TASK DIRECTIONS:
Leave out every picture and set down, exactly, the lines below from the one holding "5007 Creekbridge Ct — Photo 26" up to and including the one holding "Hotel dekat Klamath County Museum".

EXTRACTED MATERIAL:
----------------------------------------
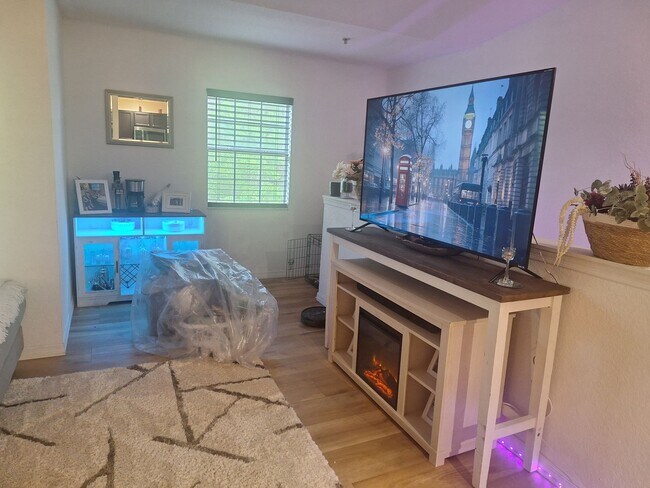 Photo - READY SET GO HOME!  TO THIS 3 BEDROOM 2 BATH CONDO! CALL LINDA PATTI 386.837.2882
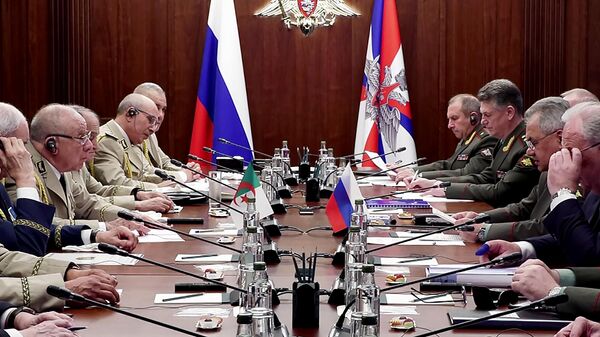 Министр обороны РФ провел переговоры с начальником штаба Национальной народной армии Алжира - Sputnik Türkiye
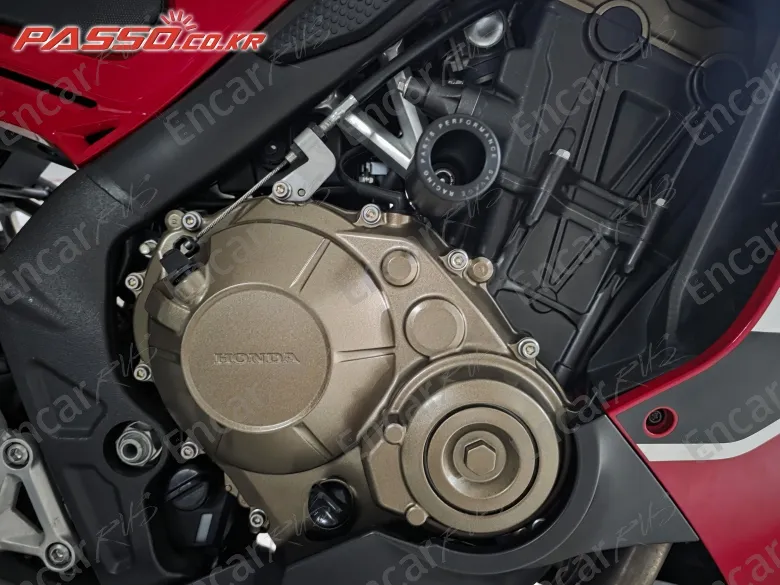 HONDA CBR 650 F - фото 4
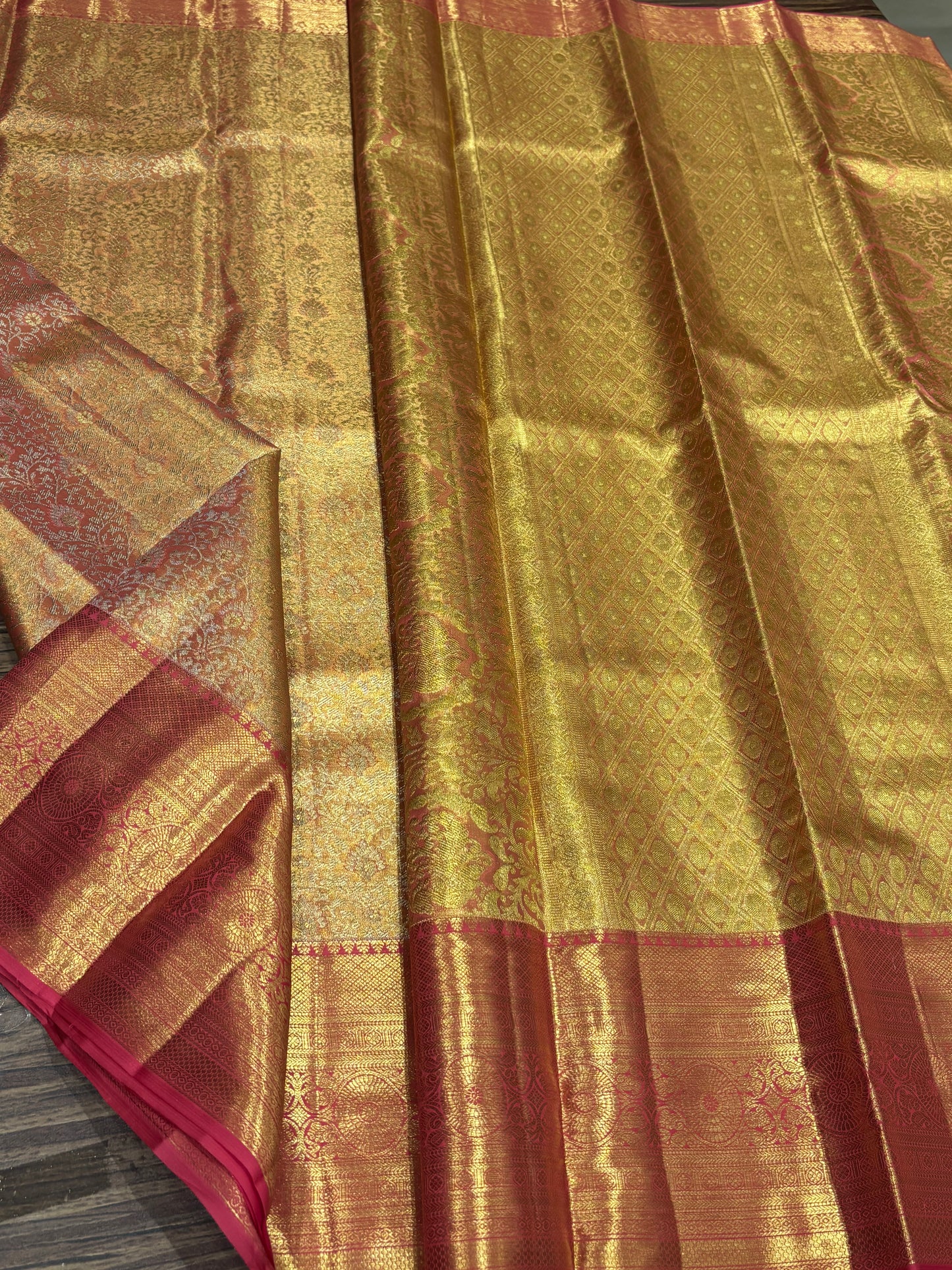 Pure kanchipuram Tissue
----------------------------------------
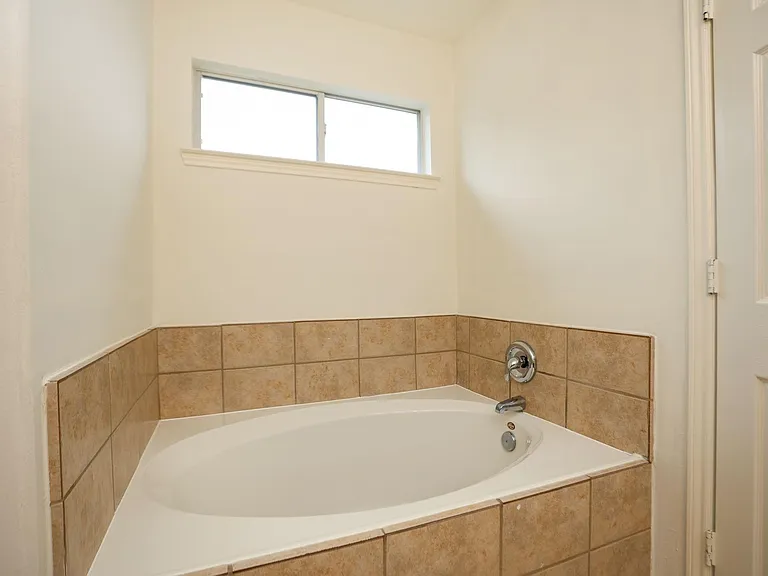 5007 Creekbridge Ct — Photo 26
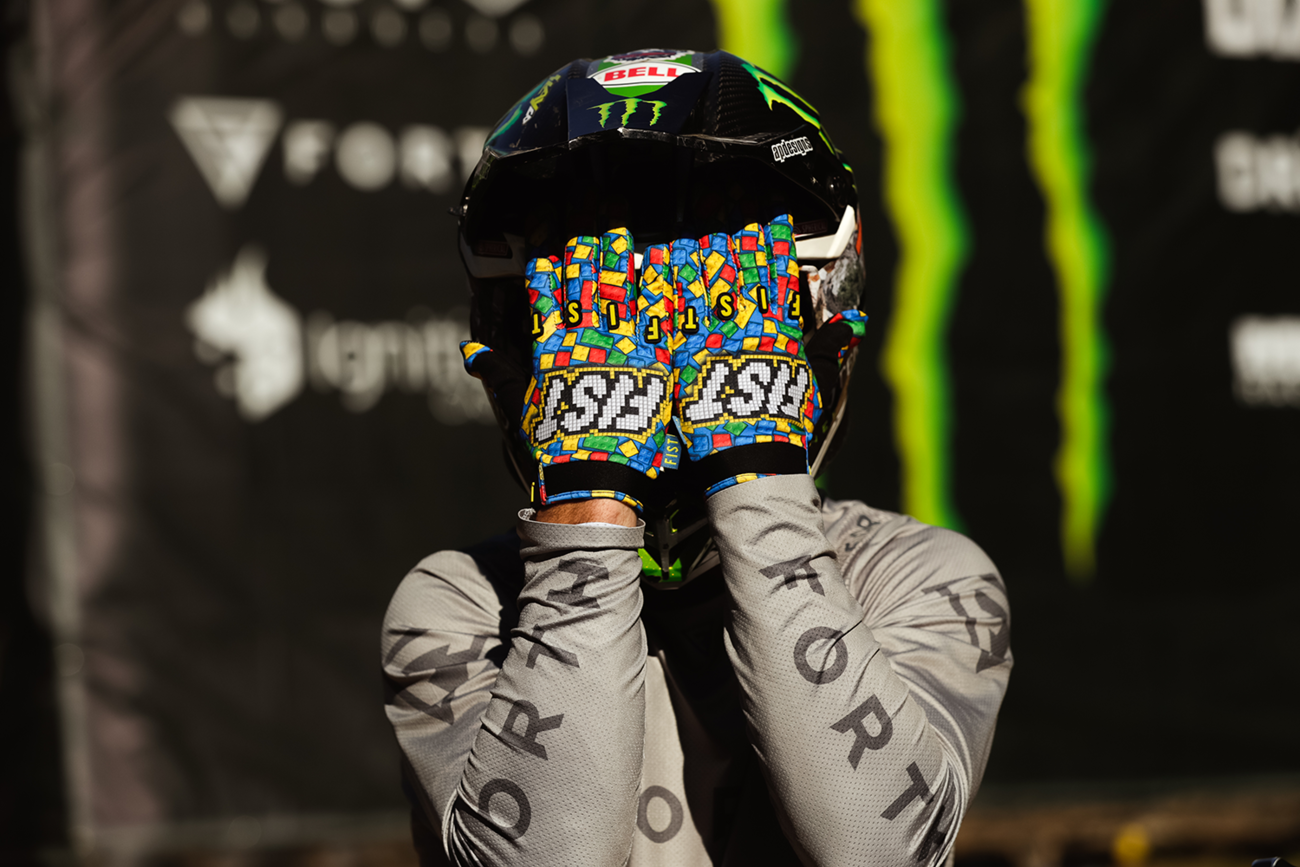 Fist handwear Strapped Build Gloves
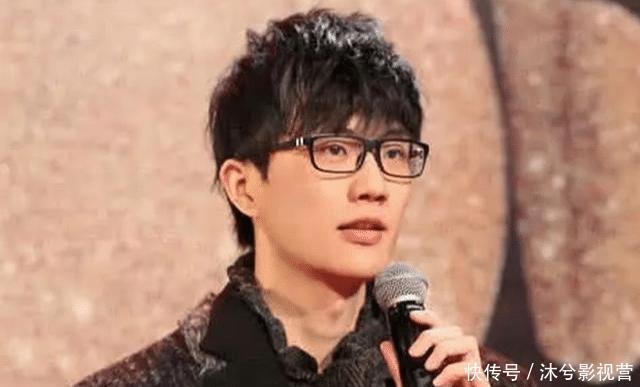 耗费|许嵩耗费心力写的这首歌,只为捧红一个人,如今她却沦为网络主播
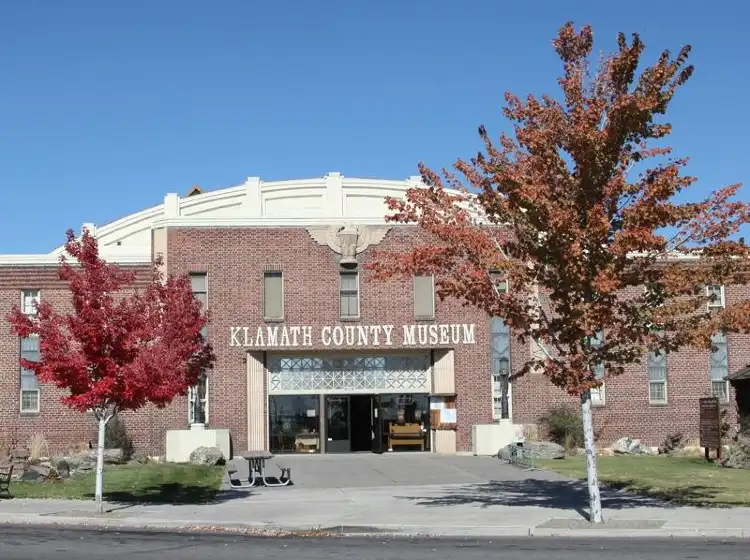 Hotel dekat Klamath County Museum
----------------------------------------
WRITTEN SOLUTION:
 5007 Creekbridge Ct — Photo 26
 Fist handwear Strapped Build Gloves
 耗费|许嵩耗费心力写的这首歌,只为捧红一个人,如今她却沦为网络主播
 Hotel dekat Klamath County Museum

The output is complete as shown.